On Sunday, December 21, from 10 a.m. to 2 p.m. the Plainsboro Preserve holds it first winter solstice festival with winter walks, crafts, foods, holiday storytelling, a bake sale, and gift shop. “This is a twofold celebration,” says Brian Vernachio, director of the preserve. “It’s a celebration of nature and winter together, and we’re encouraging people to get outside in the wintertime and explore and experience winter.”

“The winter solstice celebrates life and the natural world,” says Miller, who earned her bachelor’s in geology in 1995 and her master’s in education in 1997, both from the University of Pittsburgh. She worked as a naturalist at the Pocono Environmental Education Center and taught in North Carolina before joining the preserve in 2001. “In ancient times, it was traditional for people to bring nature indoors to decorate their homes with natural holly, pinecones, evergreen, and ivy.” She explains that everygreen symbolizes protection, prosperity, and the continuity of life; holly symbolizes good luck; and ivy symbolizes fidelity, protection, marriage, and healing.

At the preserve’s winter solstice festival, which is open to everyone and geared toward families, crafts will tie together natural materials and some of the ancient traditions. Kids can make decorations for the home or yard lide pine cone bird feeders, pine cone creatures such as birds, and luminaries. Adult crafts will include luminaries, wreaths, and pomanders (scented balls made from oranges and cloves).

Volunteers from High School North’s environmental club will set up the stations for the crafts and assist people with the activities. “The environmental club members help out here regularly,” says Vernachio. “They started out making signs to dilineate our endangered species, then the relationship grew, and now they are an integral part of the preserve.” The group helped with the preserve’s opening in June, helped the staff naturalists teach the summer camps, and now help “take care of the critters” and general operations.

Storytelling and story reading at the festival will include Native American stories, European folk tales, and Icelandic tales.

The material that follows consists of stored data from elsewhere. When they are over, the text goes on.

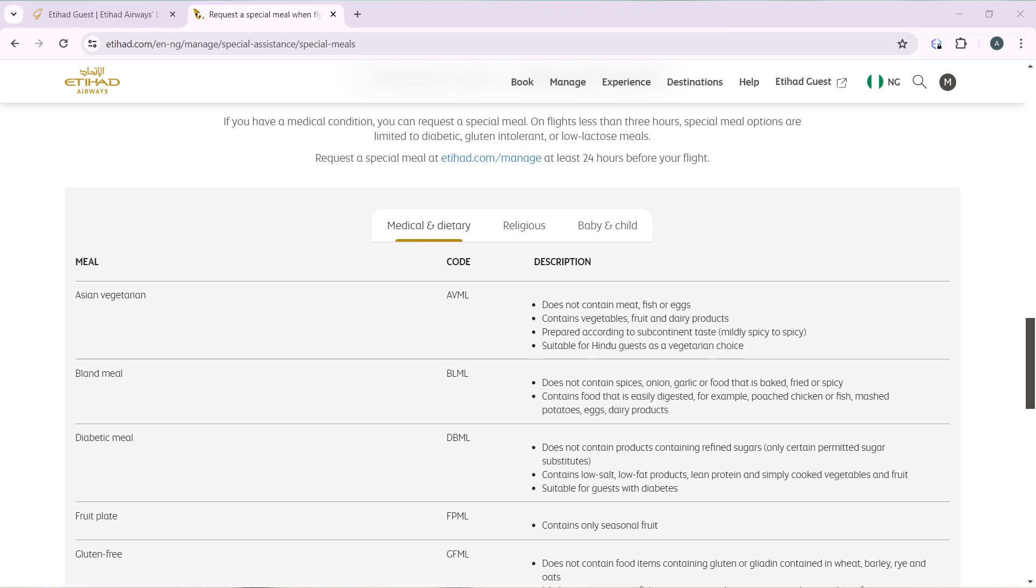This is how you can order food on Etihad Airways. You can go back to review from top to bottom to get acquainted with the steps, and once you're done, you'll be good to go. I hope this video marvelously helped you.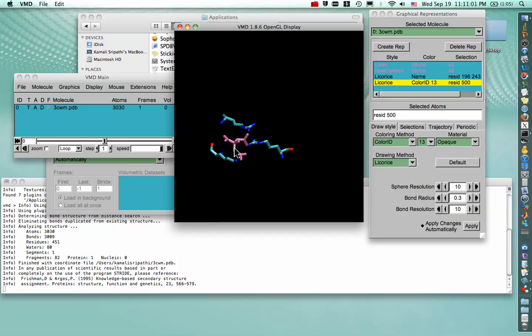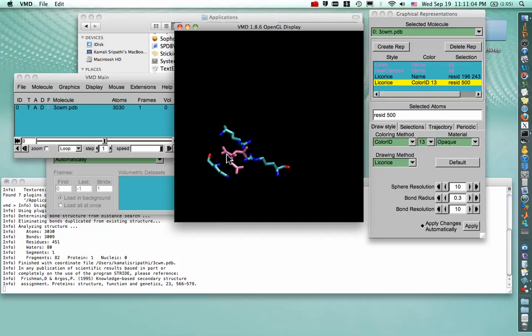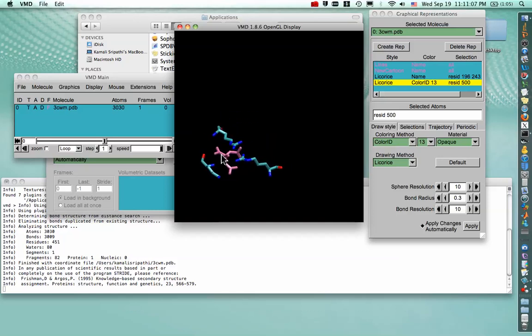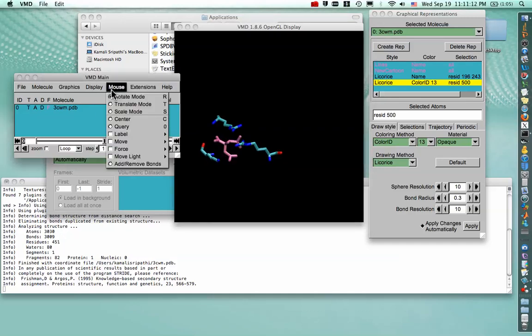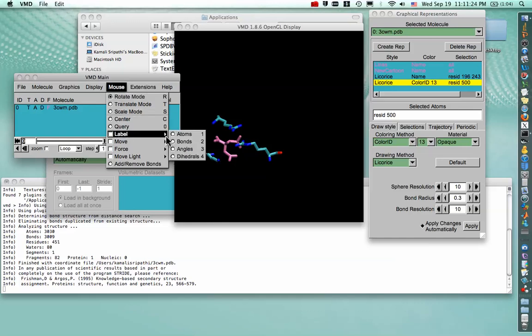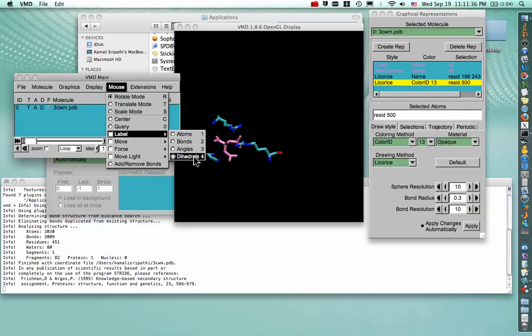And so just like the different mouse modes that we have, we also have different modes for measuring distances or angles. So to see those shortcuts, you go to the mouse submenu in the VMD main window, go to Label, and you can see that to label the atoms, you just press 1 while you're hovering the mouse over the window. Or to do bonds, you press 2 and angles 3. If you want to do dihedral, like the way you see in a Newman projection, you press 4.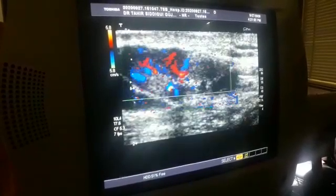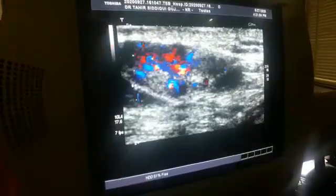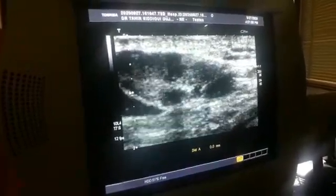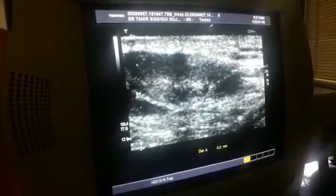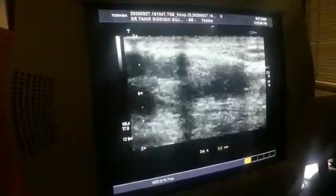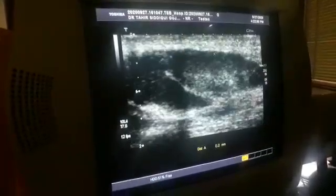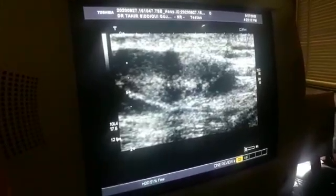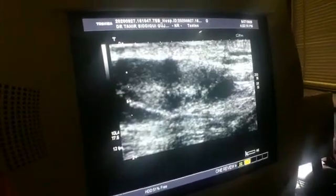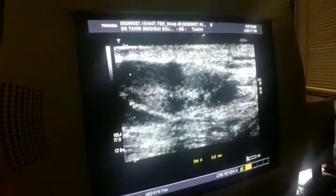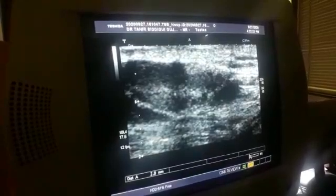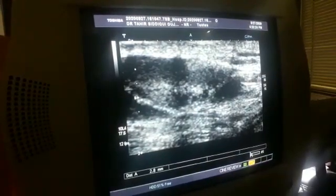Now this is the inguinal region — this is the skin, and this is the subcutaneous tissue in the inguinal region. It is only 2.0 mm deep from the skin.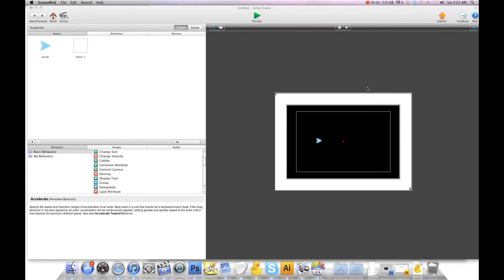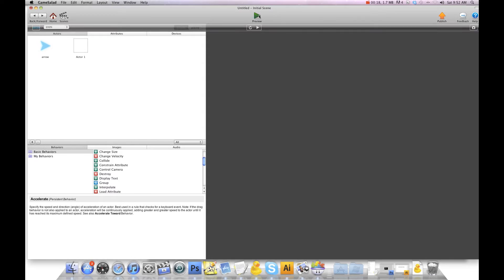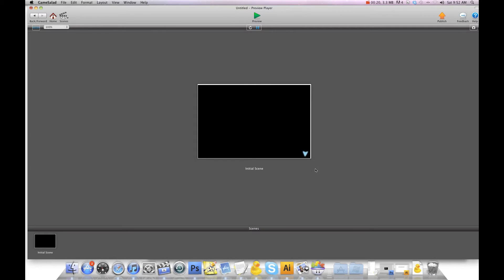Hey there everybody, T-Shirt Booth here for GSHelper.com. I had a question on how to make an actor rotate in the direction it's traveling, so I thought I'd make a quick video on how to do this. I'm going to hit preview here so you can see — this thing just bounces everywhere but it's not pointing in the direction it's traveling.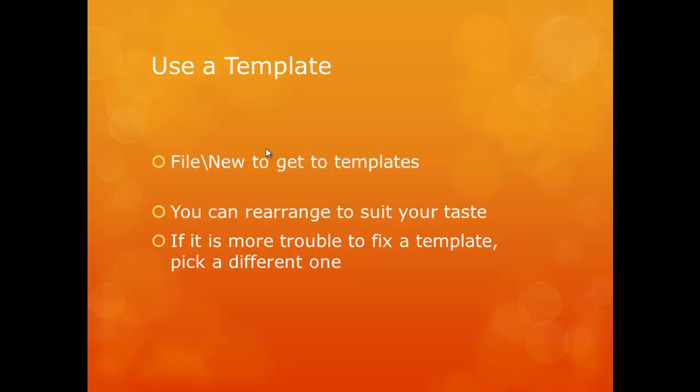You could also use a template to create your Word document. Choose file and new to get to the templates.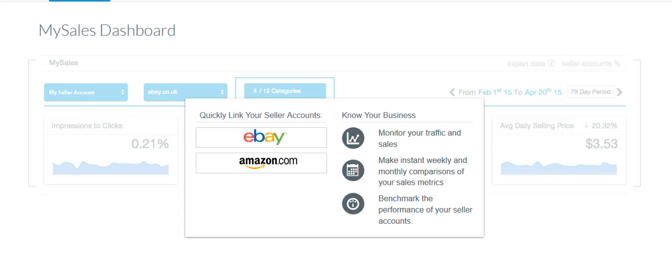In this video we're going to be showing you how to do SEO research using a program called Terapeak for eBay.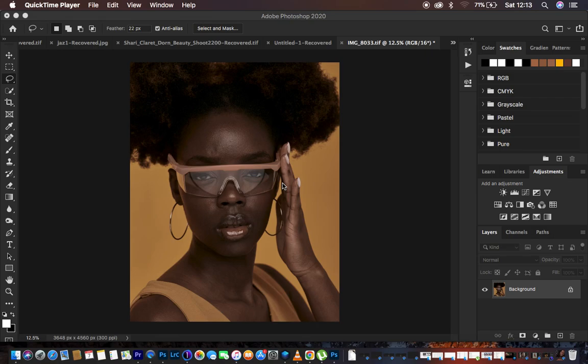Hello, what's up YouTube. Ron is with Anna True, and in this tutorial I want to show you how you can do high-end skin retouching in just five minutes and how you can easily understand everything about frequency separation within five minutes.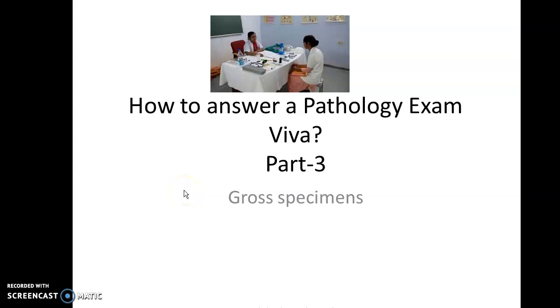This is part 3 of my videos on how to answer a pathology exam viva, and we are now discussing the gross specimens.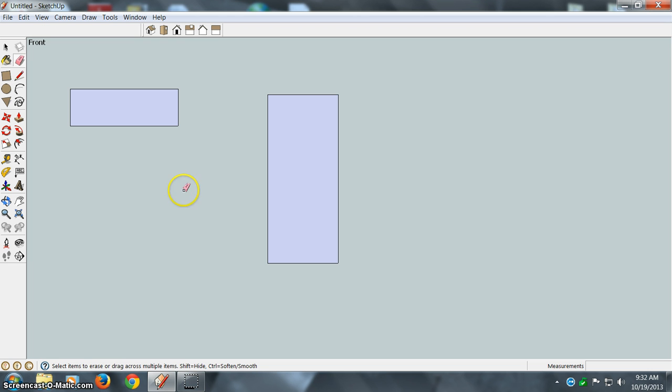So anyway, that's basically how you use the eraser command. Thanks for watching.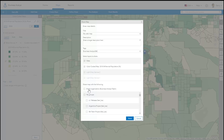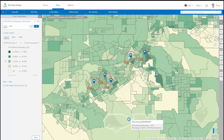Choose to share the map with your entire organization or selected groups. Click Share to create your web map. That's it!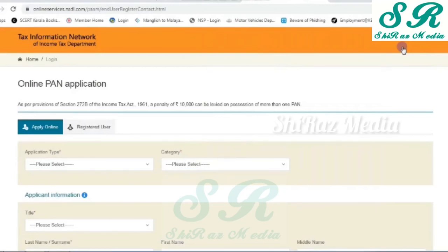Hi friends, welcome back. In the next video, I will tell you how to add a photo and signature in the PAN card.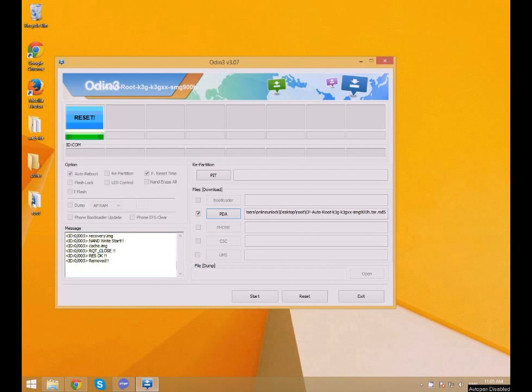If after pressing start nothing happens, please wait 30 seconds to 1 minute. Then verify your phone is really in download mode. Also verify the connection to the PC is done correctly. If not, reconnect and try again.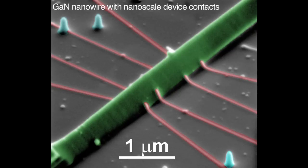Nanowires do have a lot of potential advantages, but of course nothing is free and you lose something when you gain something. One of the main challenges for nanowires is in trying to make actual devices out of them. Since they're so small it can be challenging to make macro-sized devices from single nanowires. One big challenge that our group and other groups around the world are currently pursuing is how do we make good devices, how do we make good contacts to these small structures.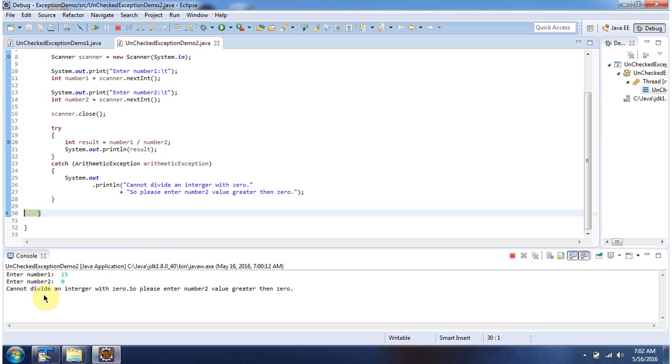And it is giving information to the user saying 'cannot divide an integer with 0, so please enter number2 value greater than 0.' So in this way, we can handle unchecked exceptions or runtime exceptions.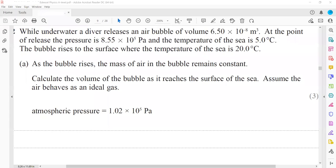Another question in thermal physics: underwater, a diver releases an air bubble with a volume of 6.5 × 10⁻⁸ m³. At the point of release, the pressure is 8.55 × 10⁵ Pa and the sea temperature is 5°C. The bubble rises to the surface where the temperature is 20°C. The mass of air in the bubble remains constant. Calculate the volume at the surface, assuming ideal gas behaviour. Atmospheric pressure is 1 × 10⁵ Pa.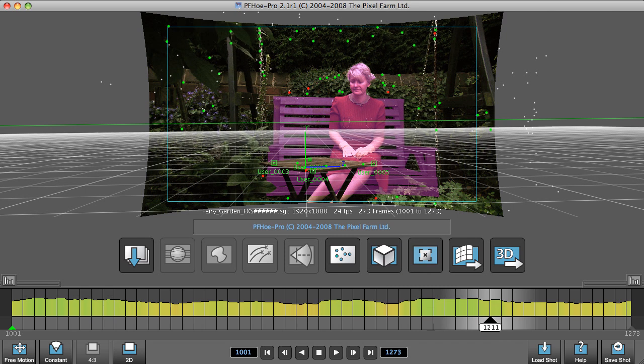Just for the fun of it, why don't we set the start to solve frame to the last frame and see how that affects our solve.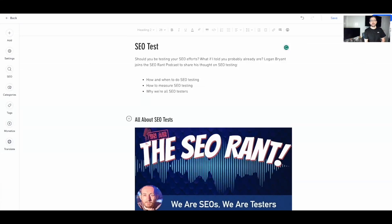Hi there, my name is Morty Oberstein, I'm the head of SEO branding at Wix. Today I want to show you a great new tool you can use to better optimize your pages for Google search — the SEO assistant, which runs an on-page SEO audit at the page level. Let's dive into it.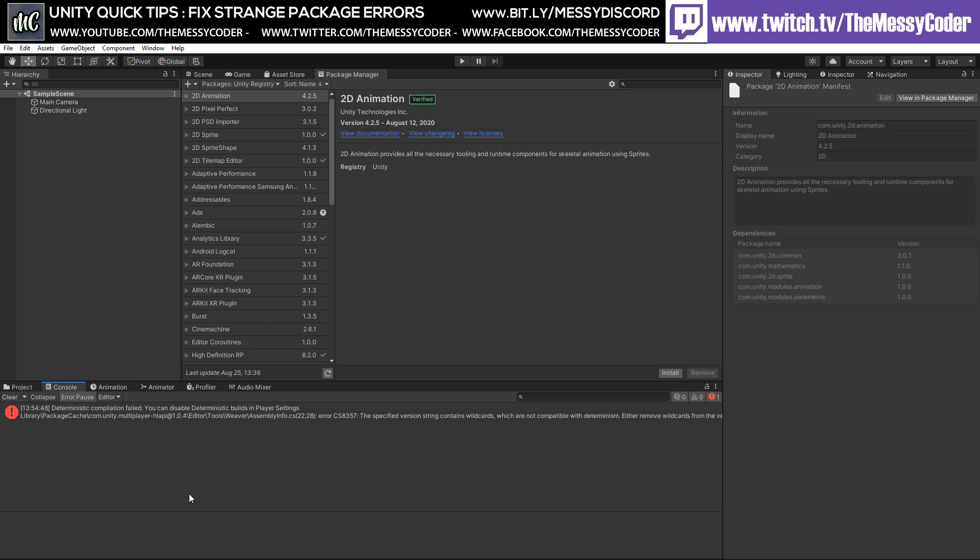Hello my beautiful Badgers, MessyCoder back again, this time with a quick tip. We haven't done one of those in a long time. I started up a new project and it told me that it needed to update the package manager.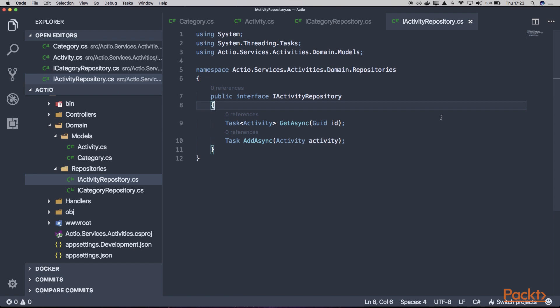In this video, we talked about the domain of the activity service and created our entities and the definition of our repository interfaces.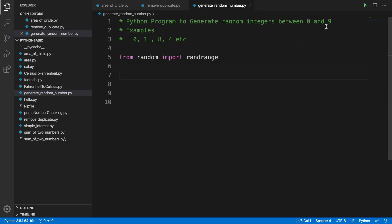In this random module, we have the randrange function which can take parameters - start and end. Whenever we put the end, it will generate a random number just before that number. We have to be careful. If our intention is to generate a number between 0 and 9, it should end at 10, not 9, because if you type 9 then there will be no number generated at the 9 value.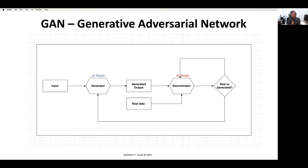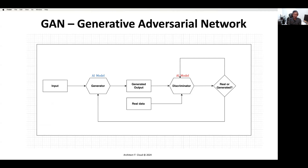If you look at this diagram, the Generative Adversarial Network design pattern has two models: a Generator Model and a Discriminator Model. These two models operate at the network level. You provide input to the Generator model, which learns from the input and produces an output. That output is then passed to the Discriminator model. The Discriminator also takes real data, compares it with the Generator's output, validates it, and produces the most accurate output for your user.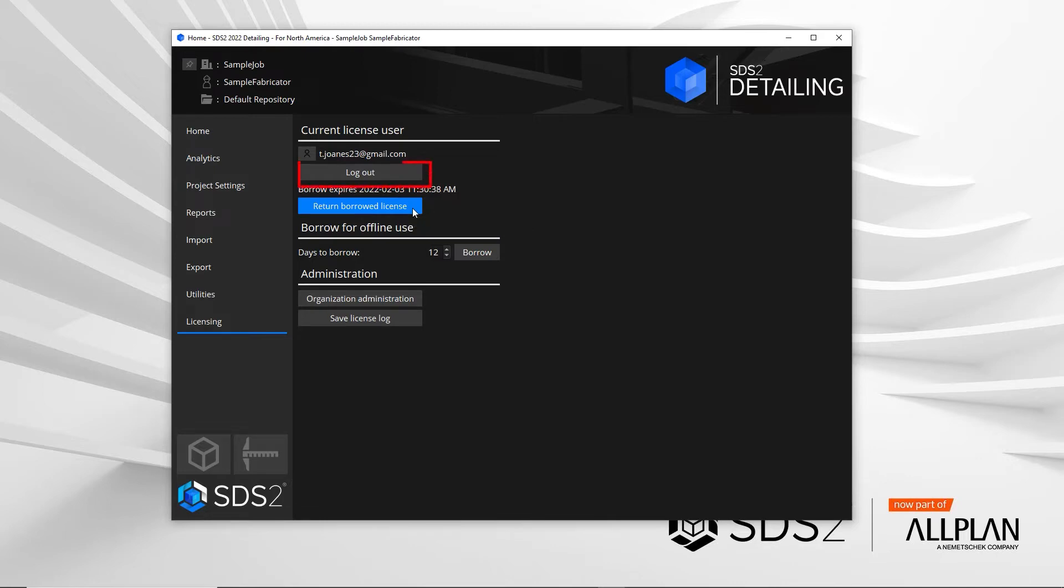There's a logout option. This isn't needed if you're the only person using the SDS2 on your computer. Once you're done with SDS2 for the day, you do not need to log out and when you start SDS2, you won't be prompted to sign in.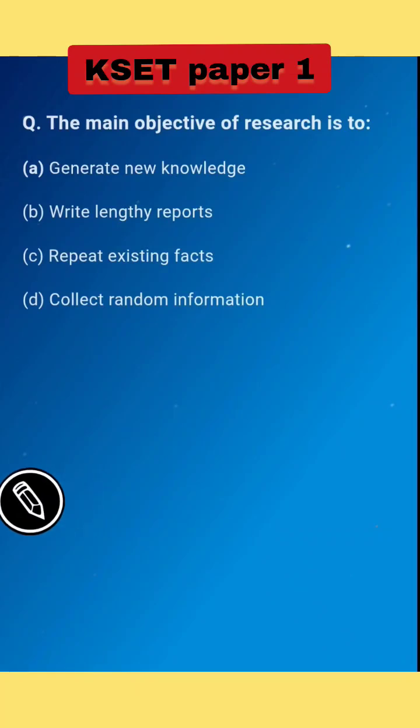Welcome to our channel. This video is related to the UGC NET and KSET examinations paper 1.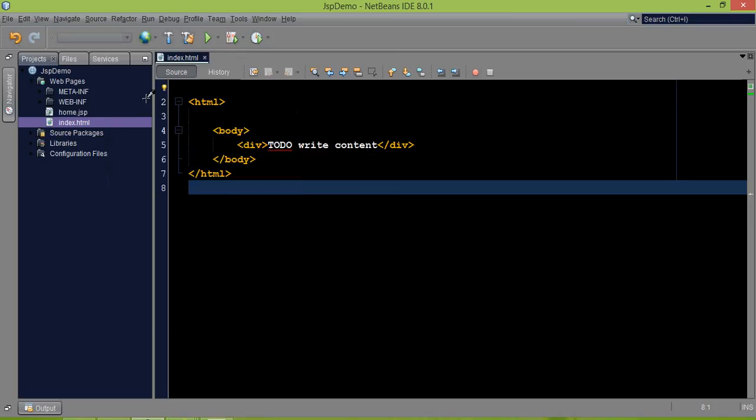In this video, we'll see the importance of the exception implicit object in JSP. This is also called exception handling in JSP.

The bake sale will offer holiday treats. A birdfeeding workshop will instruct participants how and what to feed birds and a beginning birding workshop will introduce birdwatching.

Natural history walks will also be offered with a naturalist who will explain about winter plants and how animals and birds interact with each other and cope with winter, and point out winter animal tracks. The walks are appropriate for any age.

“The festival is a way for parents to talk about different cultures and ancient times without being any particular religion,” says Miller. Especially with respect to decorating our homes, she adds, “It’s very similar to what we do today but less commercial, more a celebration of life in general.”

Winter Solstice Festival. Plainsboro Preserve, 80 Scotts Corner Road, Plainsboro. 609-897-9400. 10 a.m. to 2 p.m.